Dalam hati, Alexa merasa takut dengan apa yang mungkin terjadi jika Bara melakukan penyelidikan. Namun, dia juga sadar bahwa alasan Bara sebenarnya ingin melindungi kebahagiaan rumah tangga mereka.
Bara mengangguk mengerti, meskipun dia masih merasa penasaran. Tetapi untuk saat ini, mereka memutuskan fokus pada usaha membujuk Alex untuk menerima pernikahan mereka. Kebahagiaan keluarga adalah hal terpenting bagi mereka.
"Ya sudah kalau memang seperti itu. Sekarang kita pulang ya," ajak Bara.
"Om, lebih baik aku pulang sendiri saja ya. Kamu 'kan harus kembali ke kantor. Aku takut nanti Papa malah marah dan penilaian Papa terhadap kamu juga semakin buruk. Aku nggak mau kalau Papa benci sama kamu, padahal 'kan dulu Papa peduli banget sama kamu. Tapi sekarang, karena aku semuanya jadi berubah," ungkap Alexa, merasa bersalah.
Bara merasa Alexa menyesali keputusannya yang seharusnya tidak perlu. Bara tersenyum dan memegang pundak istrinya. "Lexa, kamu sama sekali tidak bersalah dalam hal ini. Sudahlah, semuanya juga sudah terjadi seperti yang kamu katakan tadi. Yang penting sekarang, kita hadapi saja apapun yang akan terjadi di masa depan. Percayalah, aku akan selalu ada bersamamu," ucap Bara yang membuat Alexa begitu tenang dan merasa nyaman.
Alexa tersenyum lega dan mengangguk. "Ya sudah, Om. Kalau begitu aku pulang naik taksi online saja ya, kamu kembali ke kantor saja duluan," ujar Alexa sembari menatap mata Bara yang penuh dengan kasih sayang dan kepercayaan.
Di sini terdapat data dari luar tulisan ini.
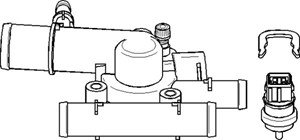 Termostat, kylvätska, Fram, på växellådssidan, Cylindriskt huvud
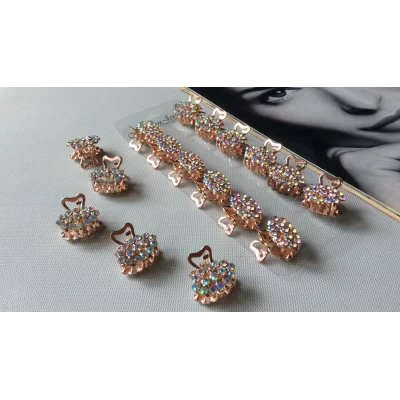 Краб металл, стразы хамелеон, мини, 2 см Краб металл, стразы хамелеон, мини, 2 см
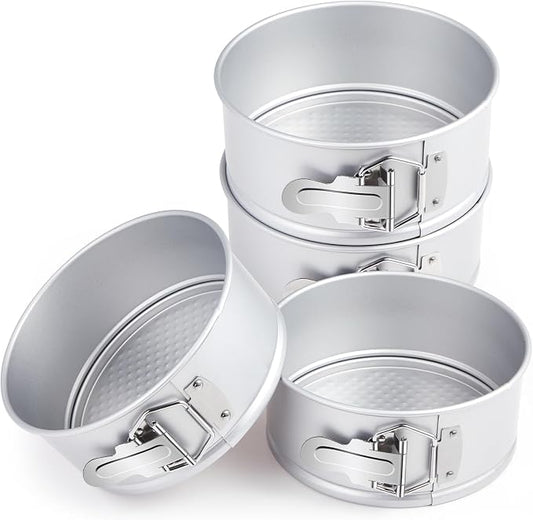 Funnymoom 4 Pcs 6 Inch Non Stick Springform Pan with Removable Bottom Carbon Steel Round Springform Cheesecake Pan with Stainless Steel Spring Buckles for Baking Kitchens Restaurant(Silver)
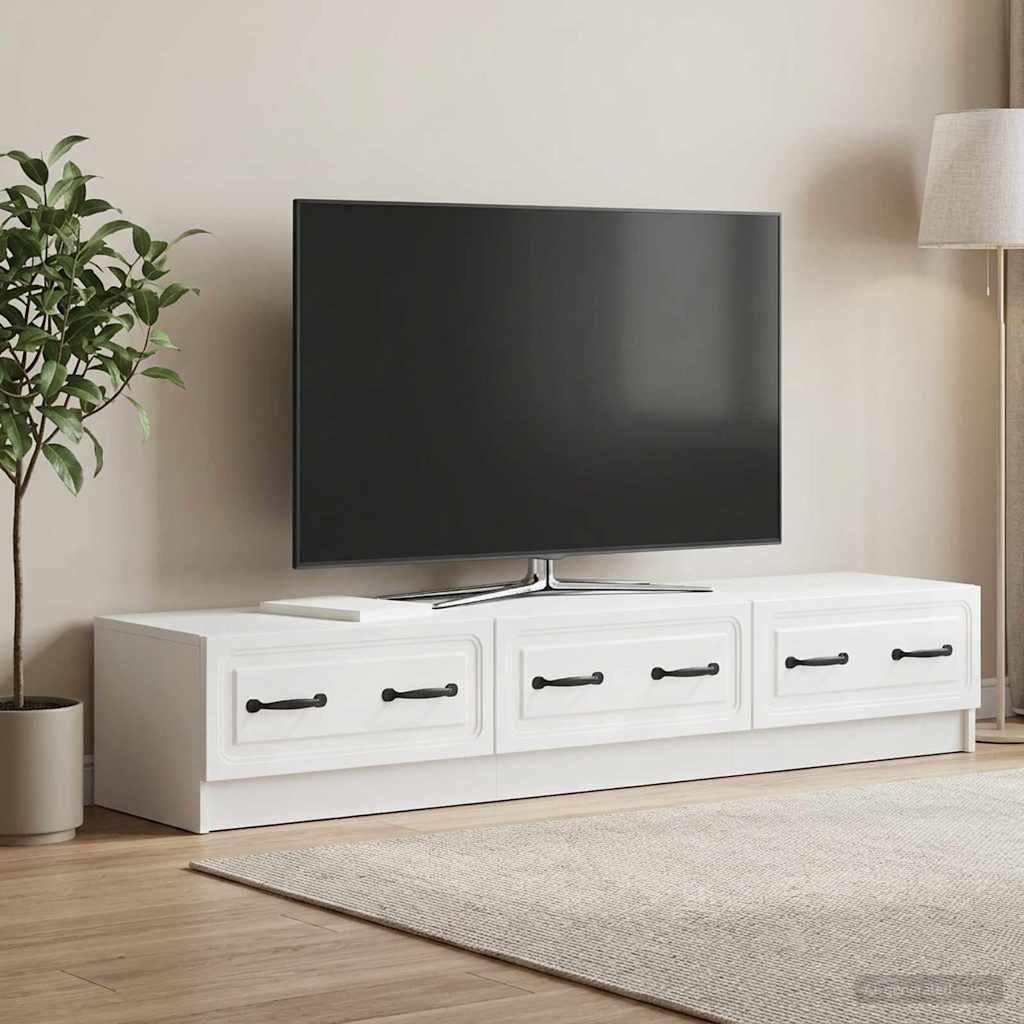 TV szekrény Magasfényű Fehér 147 x 34,5 x 27 cm Szerelt Fa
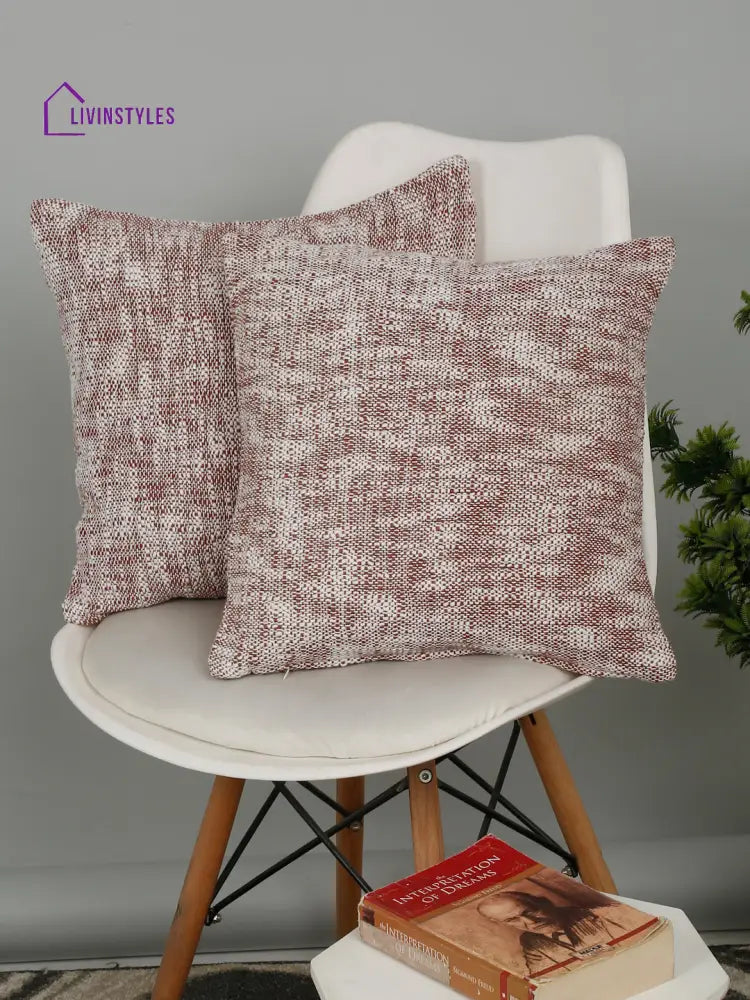 Eyda Dust Pink Cotton Textured Cushion Cover Set Of 2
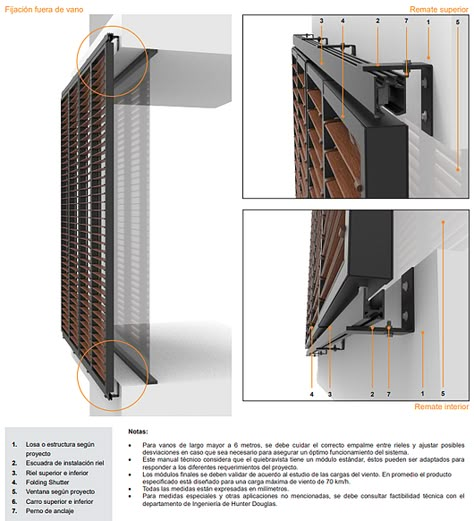 Control Solar - Folding & Sliding Shutters de Hunter Douglas Folding Shutters, Modern Shutters, Metal Shutters, Outdoor Shutters, Sliding Shutters, Shutter Designs, Facade Panel, Facade Architecture Design, Small Balcony Design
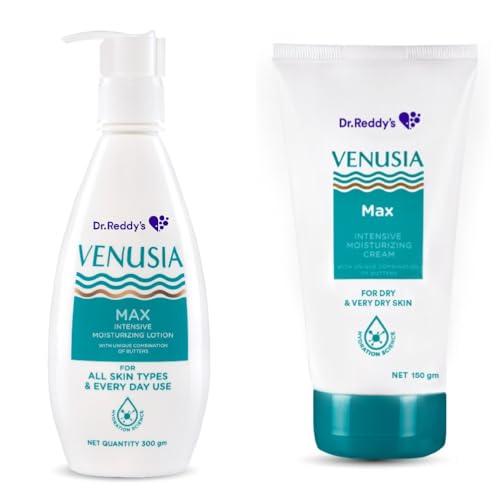 Venusia Dr. Reddys Venusia Max Combo of Cream 150g & Lotion 300g|Intensive Moisturizing Lotion and Cream|Paraben Free Body Lotion and Cream For Dry Skin | Moisturizer Infused With Shea Butter & Cocoa Butter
"Tapi, kamu benar tidak apa-apa 'kan? Kamu 'kan sekarang sedang hamil muda, aku tidak mau terjadi sesuatu dengan kamu," kata Bara cemas.
"Aku akan baik-baik saja, Om. Kamu tenang saja, aku bisa menjaga diri kok," ujar Alexa dengan percaya diri.
"Aku tidak yakin, apa anak kecil dan manja sepertimu benar-benar bisa menjaga diri?" goda Bara.
"Ih, enak saja. Walaupun aku anak kecil, tapi aku sudah bisa buat anak kecil tahu, ini buktinya," sahut Alexa seraya memegang perutnya.
Bara terkekeh, melihat kepolosan Alexa yang mencoba membuktikan diri bahwa ia mampu menjaga dirinya. Terkadang, ada saat-saat ketika kita harus melucu meski dalam situasi yang sulit, agar perasaan tidak terlalu tegang.
"Ya sudah, aku percaya. Tapi, aku tunggu taksi kamu datang dulu," kata Bara.
"Iya, Om," jawab Alexa dengan antusias, lalu segera meraih ponsel di dalam tasnya.
Alexa mencari taksi yang kebetulan sangat dekat, hanya butuh waktu 5 menit untuk taksi online pesannya tiba di sana.
Alexa langsung masuk ke dalam taksi dan menuju kediamannya. Sementara itu, Bara harus kembali ke perusahaan karena memang masih ada pekerjaan yang harus dikerjakan.
Di tengah perjalanan, Bara merenung tentang kejadian barusan. Menggoda Alexa tentang ketidakmampuannya menjaga diri, meskipun sebenarnya ia tahu dia pasti bisa. Namun, itu adalah cara mereka untuk saling menghibur di tengah kesibukan yang tak pernah berakhir ini.
***
Setelah selesai mandi dan berganti pakaian, Alexa keluar dari kamarnya dan turun ke lantai bawah, berniat untuk menuju ke dapur. Namun, saat melewati kamar orang tuanya, ia tanpa sengaja mendengar pembicaraan mereka. Rasa penasaran mendorongnya untuk berdiri di depan pintu dan mendengarkan percakapan yang terjadi.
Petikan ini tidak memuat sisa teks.